Cookies help us deliver our services. By using our services, you agree to our use of cookies. Learn more

crowdAI is shutting down - please read our blog post for more information

IEEE Investment Ranking Challenge

Explore methodology to identify assets with extreme positive or negative returns.


Question regarding evaluation

Posted by sshkhr over 3 years ago

Under the evaluation section it is mentioned :

“Each team must test their model using an expanding window procedure. For a given time period, T, an expanding window test allows the model to incorporate all available information up to time T, to generate predictions for time T+1. For example, when predicting the stock rankings in the first half of 2016, the model can include all data from 1996 to no later than year-end 2015. Predictions for the second half of 2016 could then include all the data from the first half of 2016.”

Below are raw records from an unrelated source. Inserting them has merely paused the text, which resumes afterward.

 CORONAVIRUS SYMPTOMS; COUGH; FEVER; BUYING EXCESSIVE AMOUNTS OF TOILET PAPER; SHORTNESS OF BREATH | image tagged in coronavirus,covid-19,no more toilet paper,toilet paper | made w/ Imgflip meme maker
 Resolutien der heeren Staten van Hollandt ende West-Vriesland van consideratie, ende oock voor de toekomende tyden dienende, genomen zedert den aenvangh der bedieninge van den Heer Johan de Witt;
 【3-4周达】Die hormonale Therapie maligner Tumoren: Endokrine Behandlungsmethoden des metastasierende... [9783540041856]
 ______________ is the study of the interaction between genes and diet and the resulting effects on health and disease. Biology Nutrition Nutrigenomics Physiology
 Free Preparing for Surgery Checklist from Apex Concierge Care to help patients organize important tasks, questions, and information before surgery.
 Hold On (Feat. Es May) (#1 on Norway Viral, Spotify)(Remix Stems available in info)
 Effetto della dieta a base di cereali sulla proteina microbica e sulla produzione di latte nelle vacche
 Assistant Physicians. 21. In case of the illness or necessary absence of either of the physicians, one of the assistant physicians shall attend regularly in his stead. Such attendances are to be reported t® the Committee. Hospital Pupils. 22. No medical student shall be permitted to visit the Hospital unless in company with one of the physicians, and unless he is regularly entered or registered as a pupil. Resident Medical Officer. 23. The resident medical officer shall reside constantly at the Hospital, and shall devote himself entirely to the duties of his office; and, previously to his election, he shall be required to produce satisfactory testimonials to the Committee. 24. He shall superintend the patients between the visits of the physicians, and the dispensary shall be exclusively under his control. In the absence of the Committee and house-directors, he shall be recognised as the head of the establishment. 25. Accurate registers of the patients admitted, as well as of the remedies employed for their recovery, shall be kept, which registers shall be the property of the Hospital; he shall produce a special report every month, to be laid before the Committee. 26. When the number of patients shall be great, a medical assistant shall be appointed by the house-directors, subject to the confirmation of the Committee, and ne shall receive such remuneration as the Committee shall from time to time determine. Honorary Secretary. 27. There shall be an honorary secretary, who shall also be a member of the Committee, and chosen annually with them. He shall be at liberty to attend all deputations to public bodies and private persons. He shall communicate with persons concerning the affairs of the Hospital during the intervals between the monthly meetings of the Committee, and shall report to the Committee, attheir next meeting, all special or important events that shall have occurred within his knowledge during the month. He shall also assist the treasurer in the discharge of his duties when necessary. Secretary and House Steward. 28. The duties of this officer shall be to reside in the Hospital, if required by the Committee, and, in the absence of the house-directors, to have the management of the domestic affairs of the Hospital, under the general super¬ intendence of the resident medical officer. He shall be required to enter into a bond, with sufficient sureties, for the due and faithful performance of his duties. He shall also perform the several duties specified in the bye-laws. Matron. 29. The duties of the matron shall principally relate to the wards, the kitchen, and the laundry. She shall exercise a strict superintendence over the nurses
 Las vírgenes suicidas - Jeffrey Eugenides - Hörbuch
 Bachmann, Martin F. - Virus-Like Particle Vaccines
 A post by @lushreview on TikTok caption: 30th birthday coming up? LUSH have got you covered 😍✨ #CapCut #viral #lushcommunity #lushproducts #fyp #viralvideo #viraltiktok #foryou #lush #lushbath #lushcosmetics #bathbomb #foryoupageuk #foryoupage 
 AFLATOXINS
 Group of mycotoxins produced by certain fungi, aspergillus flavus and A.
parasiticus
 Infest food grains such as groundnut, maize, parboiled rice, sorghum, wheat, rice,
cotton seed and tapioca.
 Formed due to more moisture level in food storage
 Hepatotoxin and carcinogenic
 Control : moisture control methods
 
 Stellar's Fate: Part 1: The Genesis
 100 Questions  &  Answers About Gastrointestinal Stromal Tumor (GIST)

If I am understanding this correctly the training model for making prediction for year 2000 is not allowed to use any data from after the year 2000. However say if this problem is modelled using a sequence model like a Bidirectional Recurrent Neural Net the model will communicate information from the future to improve predictions in the present. Is such a model okay with the evaluation criteria mentioned ?

Posted by sshkhr  over 3 years ago |  Quote

Is it okay if the problem is modelled using a sequence model like Bidirectional Recurrent Neural Network which communicates information from future sequences back to improve present predictions. I wanted to check on this as I am not sure if this is okay under the expanding window test mechanism mentioned under Evaluation.


Posted by benharlander  over 3 years ago |  Quote

@sshkhr Hi, thanks for the question. Frame this problem as if you were making a prediction as of today about the next 6 months. What information would be available to you? If you are making a prediction at time period T, your training set should not include observations from T or any period later than T. Also, your model should not include features that were not available at time T. This is not to say that you have to treat all time periods in your training set as independent, but I don’t think a bidirectional RNN would be appropriate if it relies on the presence of future information to make a prediction for the current time period.